# Forget about the Ice Fishing - the Winter is Over



## fishingrookie (Feb 16, 2004)

Here is the forecast of the weather in Metro Detroit Airport for the next ten days. Better have your ice fishing gears on sale in eBay. 

Today - Dec 26 Snow Shower 24°/8°60 % 
Mon - Dec 27 Partly Cloudy 23°/19° 0 % 
Tue - Dec 28 Few Snow Showers 33°/29° 30 % 
Wed - Dec 29 Mostly Cloudy 38°/32° 20 % 
Thu - Dec 30 Mostly Cloudy 45°/38° 20 % 
Fri - Dec 31 Showers 51°/45° 60 % 
Sat - Jan 01 Mostly Cloudy 57°/35° 20 % 
Sun - Jan 02 Light Rain 46°/38° 60 % 
Mon - Jan 03 Showers 44°/38° 60 % 
Tue - Jan 04 Rain 50°/30° 60 %


----------



## MichiganMike5 (Feb 4, 2003)

And Meteorologists are never wrong!


----------



## Fins (Jan 28, 2004)

simply depressing


----------



## Northern_Lights (Dec 11, 2004)

Bummer living so far south that you should be humming Dixie.... lol.

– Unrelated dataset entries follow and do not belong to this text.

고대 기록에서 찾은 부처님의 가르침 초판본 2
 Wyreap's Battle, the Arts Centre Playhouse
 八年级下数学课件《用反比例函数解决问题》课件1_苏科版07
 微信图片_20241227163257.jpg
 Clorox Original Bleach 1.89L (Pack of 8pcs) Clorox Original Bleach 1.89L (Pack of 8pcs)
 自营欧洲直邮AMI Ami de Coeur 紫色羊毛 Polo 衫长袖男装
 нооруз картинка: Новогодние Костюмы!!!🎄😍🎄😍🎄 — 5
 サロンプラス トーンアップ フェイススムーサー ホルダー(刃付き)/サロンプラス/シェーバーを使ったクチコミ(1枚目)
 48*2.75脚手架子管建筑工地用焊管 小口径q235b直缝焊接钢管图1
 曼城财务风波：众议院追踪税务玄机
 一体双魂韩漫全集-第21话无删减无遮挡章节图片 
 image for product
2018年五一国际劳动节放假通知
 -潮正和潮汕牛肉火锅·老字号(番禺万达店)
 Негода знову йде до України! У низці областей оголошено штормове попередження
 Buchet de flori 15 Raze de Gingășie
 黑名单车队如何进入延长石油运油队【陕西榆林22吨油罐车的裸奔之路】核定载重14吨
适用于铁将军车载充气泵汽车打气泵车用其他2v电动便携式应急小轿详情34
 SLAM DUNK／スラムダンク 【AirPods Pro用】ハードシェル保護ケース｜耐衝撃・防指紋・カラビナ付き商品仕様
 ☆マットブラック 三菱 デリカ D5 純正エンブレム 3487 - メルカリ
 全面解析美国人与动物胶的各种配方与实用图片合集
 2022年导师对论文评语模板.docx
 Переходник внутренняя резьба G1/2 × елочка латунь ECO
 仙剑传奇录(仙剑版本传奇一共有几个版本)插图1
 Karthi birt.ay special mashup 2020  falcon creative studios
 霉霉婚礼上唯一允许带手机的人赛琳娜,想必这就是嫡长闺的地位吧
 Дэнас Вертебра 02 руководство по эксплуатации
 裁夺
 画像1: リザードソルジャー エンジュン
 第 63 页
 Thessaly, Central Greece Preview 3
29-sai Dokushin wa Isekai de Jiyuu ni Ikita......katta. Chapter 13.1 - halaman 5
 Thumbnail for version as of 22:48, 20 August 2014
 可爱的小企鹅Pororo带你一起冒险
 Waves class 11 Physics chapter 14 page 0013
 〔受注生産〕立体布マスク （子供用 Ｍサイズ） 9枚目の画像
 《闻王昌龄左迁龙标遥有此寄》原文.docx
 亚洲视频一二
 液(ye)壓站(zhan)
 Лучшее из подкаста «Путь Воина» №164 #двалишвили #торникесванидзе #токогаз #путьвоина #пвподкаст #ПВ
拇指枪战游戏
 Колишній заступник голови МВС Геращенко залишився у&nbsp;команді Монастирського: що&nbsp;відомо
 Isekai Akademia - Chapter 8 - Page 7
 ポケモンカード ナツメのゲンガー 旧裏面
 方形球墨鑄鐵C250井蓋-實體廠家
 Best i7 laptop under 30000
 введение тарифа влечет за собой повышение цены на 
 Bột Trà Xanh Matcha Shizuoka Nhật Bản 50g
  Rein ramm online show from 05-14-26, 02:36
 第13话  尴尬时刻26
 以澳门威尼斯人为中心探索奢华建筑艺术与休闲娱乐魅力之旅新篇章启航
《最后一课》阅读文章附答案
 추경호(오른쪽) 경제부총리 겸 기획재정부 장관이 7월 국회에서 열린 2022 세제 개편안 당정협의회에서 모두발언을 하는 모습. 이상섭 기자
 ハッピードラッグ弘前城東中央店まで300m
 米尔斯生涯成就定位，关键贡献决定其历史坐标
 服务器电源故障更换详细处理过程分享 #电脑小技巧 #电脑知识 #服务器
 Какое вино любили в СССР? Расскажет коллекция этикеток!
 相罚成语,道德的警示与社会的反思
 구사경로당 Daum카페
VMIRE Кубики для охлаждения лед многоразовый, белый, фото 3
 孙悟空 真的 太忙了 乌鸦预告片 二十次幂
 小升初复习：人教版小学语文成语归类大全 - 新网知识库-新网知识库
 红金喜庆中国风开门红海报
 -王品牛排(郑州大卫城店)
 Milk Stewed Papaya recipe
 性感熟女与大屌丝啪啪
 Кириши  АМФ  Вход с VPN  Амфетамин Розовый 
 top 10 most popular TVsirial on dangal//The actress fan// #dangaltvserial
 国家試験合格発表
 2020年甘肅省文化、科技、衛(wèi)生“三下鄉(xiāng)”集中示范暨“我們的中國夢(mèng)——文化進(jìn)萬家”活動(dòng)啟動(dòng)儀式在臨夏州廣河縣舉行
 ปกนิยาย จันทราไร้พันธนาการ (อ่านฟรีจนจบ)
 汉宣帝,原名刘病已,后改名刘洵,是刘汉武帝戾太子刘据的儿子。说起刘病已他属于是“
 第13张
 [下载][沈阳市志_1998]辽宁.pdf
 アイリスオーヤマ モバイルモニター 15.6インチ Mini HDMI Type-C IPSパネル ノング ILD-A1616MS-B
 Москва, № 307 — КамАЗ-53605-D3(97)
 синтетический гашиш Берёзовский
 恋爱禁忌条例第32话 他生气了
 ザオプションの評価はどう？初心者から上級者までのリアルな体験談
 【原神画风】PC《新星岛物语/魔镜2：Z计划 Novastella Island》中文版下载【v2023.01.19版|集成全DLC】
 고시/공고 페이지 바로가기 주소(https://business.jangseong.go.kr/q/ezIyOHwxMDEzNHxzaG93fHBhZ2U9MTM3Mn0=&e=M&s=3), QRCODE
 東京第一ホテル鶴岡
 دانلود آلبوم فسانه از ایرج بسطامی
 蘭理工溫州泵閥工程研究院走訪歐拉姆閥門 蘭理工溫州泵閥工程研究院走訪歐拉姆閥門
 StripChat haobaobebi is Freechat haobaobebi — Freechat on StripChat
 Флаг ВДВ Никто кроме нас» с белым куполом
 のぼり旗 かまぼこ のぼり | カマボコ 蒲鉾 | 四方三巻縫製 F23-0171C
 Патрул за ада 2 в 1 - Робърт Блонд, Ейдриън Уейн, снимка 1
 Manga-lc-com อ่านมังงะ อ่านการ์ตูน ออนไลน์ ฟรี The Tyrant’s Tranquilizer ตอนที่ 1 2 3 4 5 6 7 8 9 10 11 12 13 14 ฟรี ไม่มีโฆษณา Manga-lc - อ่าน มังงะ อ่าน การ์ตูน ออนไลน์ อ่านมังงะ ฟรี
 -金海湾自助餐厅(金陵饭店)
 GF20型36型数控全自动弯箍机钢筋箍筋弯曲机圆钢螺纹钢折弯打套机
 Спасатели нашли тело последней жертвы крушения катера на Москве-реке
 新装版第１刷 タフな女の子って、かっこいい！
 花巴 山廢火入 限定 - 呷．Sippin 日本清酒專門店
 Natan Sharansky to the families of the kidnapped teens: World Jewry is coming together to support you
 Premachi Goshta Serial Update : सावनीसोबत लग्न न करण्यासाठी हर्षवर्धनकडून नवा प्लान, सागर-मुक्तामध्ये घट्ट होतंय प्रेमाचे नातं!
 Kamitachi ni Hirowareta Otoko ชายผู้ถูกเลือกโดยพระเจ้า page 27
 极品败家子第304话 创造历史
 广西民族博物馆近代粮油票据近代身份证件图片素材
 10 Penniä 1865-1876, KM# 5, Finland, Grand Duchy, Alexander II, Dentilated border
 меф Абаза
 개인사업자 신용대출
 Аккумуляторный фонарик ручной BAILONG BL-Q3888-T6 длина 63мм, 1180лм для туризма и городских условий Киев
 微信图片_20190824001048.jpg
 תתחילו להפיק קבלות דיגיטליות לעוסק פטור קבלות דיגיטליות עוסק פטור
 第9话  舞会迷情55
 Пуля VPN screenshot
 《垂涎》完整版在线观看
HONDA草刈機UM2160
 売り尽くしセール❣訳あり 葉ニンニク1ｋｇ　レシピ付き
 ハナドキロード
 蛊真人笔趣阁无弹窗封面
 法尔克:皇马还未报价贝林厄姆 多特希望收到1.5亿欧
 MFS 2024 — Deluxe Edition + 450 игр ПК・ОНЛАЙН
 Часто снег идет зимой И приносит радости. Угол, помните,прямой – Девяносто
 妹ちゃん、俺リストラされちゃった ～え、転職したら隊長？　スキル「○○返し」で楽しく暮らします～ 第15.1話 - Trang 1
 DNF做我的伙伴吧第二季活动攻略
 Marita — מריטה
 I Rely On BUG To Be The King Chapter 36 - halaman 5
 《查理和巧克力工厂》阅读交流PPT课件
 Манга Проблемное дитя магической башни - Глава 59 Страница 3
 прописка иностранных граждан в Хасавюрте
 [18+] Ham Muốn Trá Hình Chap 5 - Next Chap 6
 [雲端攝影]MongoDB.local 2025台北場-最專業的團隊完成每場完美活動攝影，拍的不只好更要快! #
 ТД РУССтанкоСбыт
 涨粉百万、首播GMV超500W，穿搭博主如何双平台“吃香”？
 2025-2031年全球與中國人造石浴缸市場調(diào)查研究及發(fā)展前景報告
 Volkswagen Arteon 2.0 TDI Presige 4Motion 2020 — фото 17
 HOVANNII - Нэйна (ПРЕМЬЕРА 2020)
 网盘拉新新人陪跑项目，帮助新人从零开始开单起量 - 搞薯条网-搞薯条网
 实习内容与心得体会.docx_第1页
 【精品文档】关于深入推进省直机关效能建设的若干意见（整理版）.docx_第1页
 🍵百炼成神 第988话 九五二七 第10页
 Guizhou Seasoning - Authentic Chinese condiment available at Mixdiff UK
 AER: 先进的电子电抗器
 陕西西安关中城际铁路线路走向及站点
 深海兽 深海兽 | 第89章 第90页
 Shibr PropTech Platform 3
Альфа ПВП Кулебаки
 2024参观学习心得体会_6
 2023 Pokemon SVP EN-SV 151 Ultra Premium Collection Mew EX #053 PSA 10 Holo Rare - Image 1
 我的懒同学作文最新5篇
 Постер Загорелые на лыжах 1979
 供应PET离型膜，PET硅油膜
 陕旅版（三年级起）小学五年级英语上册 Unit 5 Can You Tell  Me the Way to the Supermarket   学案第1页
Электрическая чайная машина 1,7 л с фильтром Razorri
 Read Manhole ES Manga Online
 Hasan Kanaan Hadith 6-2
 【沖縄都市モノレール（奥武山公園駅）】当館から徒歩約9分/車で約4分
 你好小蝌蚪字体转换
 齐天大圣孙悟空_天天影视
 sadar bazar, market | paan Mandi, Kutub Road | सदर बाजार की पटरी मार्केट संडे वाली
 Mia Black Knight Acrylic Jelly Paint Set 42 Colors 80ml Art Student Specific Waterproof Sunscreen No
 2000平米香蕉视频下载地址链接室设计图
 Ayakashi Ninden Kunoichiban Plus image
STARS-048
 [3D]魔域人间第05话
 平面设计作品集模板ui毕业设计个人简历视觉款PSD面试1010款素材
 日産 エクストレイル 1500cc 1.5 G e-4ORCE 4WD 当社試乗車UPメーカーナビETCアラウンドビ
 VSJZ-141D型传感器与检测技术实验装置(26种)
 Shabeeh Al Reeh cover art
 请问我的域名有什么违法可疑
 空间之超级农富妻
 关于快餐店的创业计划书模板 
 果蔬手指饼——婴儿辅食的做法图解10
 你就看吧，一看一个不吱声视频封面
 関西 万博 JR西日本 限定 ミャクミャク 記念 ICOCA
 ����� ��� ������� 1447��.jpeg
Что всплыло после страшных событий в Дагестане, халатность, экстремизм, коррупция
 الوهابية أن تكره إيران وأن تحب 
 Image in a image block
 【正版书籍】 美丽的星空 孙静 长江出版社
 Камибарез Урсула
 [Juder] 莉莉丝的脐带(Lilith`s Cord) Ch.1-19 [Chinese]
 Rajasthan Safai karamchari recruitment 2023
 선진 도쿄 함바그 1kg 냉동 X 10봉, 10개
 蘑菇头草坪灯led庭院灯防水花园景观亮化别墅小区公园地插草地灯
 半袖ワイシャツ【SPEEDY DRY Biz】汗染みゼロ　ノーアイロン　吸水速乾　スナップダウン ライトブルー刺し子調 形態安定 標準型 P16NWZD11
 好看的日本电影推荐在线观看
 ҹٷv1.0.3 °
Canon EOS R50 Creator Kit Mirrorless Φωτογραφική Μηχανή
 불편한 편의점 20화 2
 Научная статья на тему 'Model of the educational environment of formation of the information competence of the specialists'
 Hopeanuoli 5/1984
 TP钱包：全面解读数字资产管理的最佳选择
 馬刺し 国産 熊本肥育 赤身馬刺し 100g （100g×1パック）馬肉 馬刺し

Up here in God's country....we have lots of ice, and great fishing. I'd say I'd feel sorry for you, but I'll probably be too busy deer hunting and fishing!! (Sorry,,,,)


----------



## oneeyedclarence (Jan 24, 2003)

Ah! Fishing"ROOKIE". Do not fret.........."Weatherman, like Rookie, make many mistakes". Keep your spud handy


----------



## FishinJoe (Dec 8, 2003)

They better be wrong!

Joe


----------



## andy capp (Aug 14, 2002)

Actually good, Let it melt the snow off the top so we get a good hard freeze. It will be o.k. I was on ice almost through march last year. Just getting started.


----------



## Black Ghost (Jul 3, 2002)

We are suppose to have a mild winter per the Meterologists, not me, maybe they are right this year ?

BG


----------



## RichP (Jan 13, 2003)

andy capp said:


> Actually good, Let it melt the snow off the top so we get a good hard freeze. It will be o.k. I was on ice almost through march last year. Just getting started.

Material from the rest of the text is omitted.